ACTION ITEM →
Once the line holding "Tara Linen Dress - White" is found in the listing below, write it out and each later line exactly, up to and including the one holding "Nuie Havana 1200mm".

DATA →
____

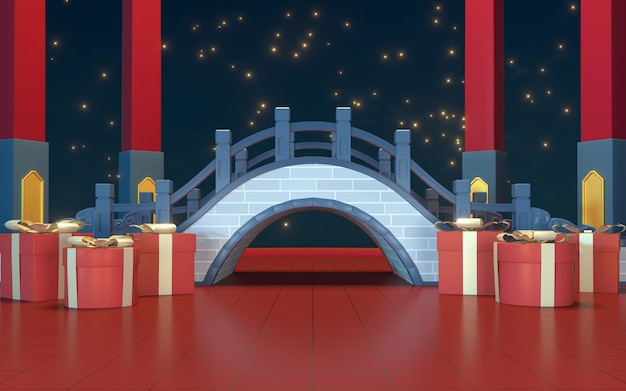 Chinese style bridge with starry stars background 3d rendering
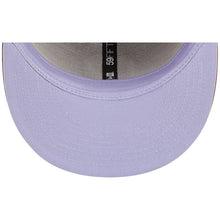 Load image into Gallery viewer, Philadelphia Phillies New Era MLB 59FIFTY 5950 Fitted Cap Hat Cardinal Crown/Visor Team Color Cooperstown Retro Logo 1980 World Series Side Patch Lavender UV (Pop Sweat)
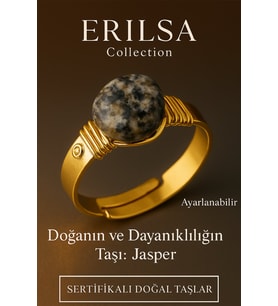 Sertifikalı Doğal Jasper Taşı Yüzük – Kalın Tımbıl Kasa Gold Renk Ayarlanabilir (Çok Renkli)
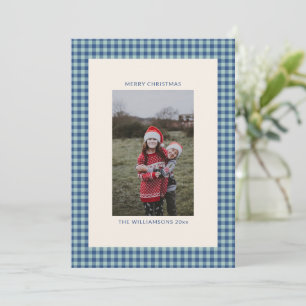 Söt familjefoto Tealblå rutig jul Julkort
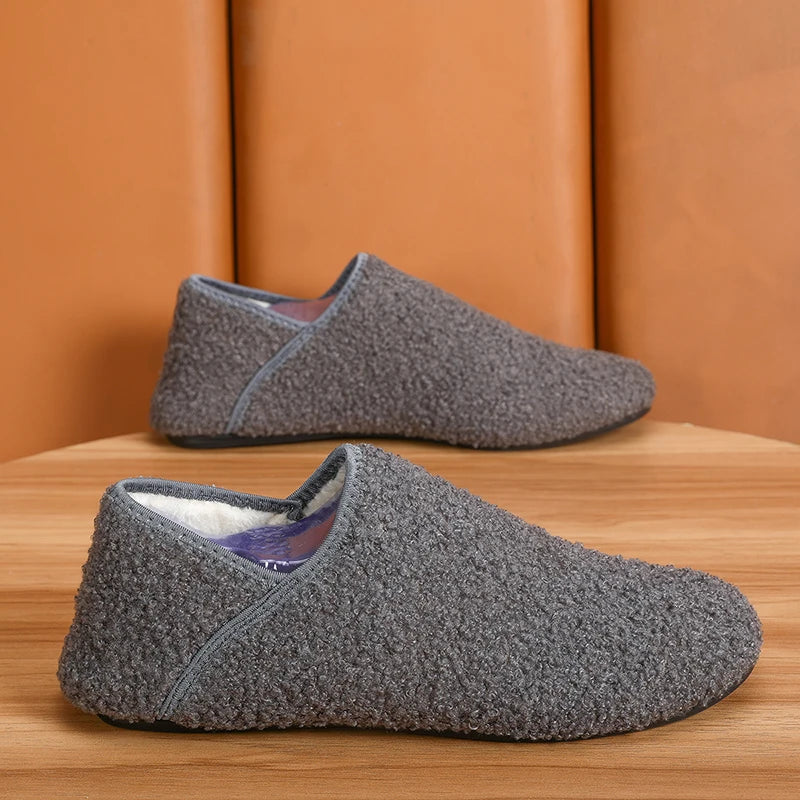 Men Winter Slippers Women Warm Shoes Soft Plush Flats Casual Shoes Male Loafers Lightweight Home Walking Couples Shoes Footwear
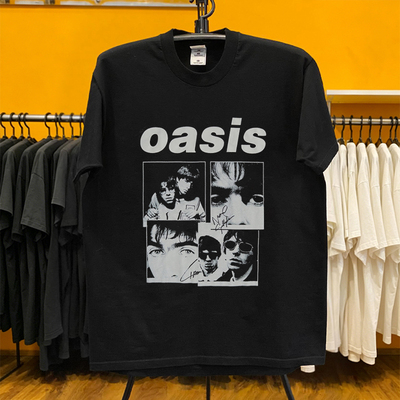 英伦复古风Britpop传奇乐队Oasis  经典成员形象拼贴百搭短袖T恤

____

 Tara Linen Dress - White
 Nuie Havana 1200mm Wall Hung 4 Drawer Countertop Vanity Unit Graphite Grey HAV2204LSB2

____

SOLUTION TO THIS TASK →
 Tara Linen Dress - White
 Nuie Havana 1200mm Wall Hung 4 Drawer Countertop Vanity Unit Graphite Grey HAV2204LSB2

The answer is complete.